Non-essential stores in Belgium, which had to switch to appointment-based shopping last weekend, saw a 60 to 85% drop in their turnover, according to a survey from trade federation Comeos.
On Wednesday last week, the government decided to introduce stricter coronavirus fighting measures on the sector following an advanced Consultative Committee meeting, which meant that from Saturday, non-essential shops could remain open, but by appointment only.
“There were far fewer people in the streets on Saturday and the customers who did show up found the new rules too confusing. If the first Saturday is indicative of the coming weeks, several traders are considering closing,” the federation wrote in a statement.
According to the trade federation, the fact that you have to “make an appointment in one shop and you can go shopping in pairs, but in the shop next door you do not have to make an appointment and can only go in for a maximum of half an hour” is confusing and is turning shoppers away.

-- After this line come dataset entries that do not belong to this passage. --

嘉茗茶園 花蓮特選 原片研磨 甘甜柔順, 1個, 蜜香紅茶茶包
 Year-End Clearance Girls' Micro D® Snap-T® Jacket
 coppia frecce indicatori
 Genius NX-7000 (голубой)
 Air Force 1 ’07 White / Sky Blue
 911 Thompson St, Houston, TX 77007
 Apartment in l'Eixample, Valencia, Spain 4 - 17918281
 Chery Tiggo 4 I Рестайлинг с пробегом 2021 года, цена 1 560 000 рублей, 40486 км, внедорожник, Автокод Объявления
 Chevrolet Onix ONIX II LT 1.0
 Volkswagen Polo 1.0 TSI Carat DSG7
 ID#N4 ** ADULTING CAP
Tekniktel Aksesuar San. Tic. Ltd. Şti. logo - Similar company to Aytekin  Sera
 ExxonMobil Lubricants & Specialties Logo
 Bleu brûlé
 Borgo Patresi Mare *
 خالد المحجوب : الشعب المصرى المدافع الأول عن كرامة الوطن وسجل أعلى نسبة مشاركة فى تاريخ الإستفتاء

On Friday, Comeos said that the sector would suffer a loss of €1 billion in four months’ time as a result of the measures, and said that around 13,000 jobs would be at risk if this continues.
“The government must now assume its responsibility by supporting the traders. Specifically, we are asking for an exemption from the national social security contributions for the second quarter and an intervention in the fixed costs of all traders, both small and large,” according to Dominique Michel, CEO of Comeos.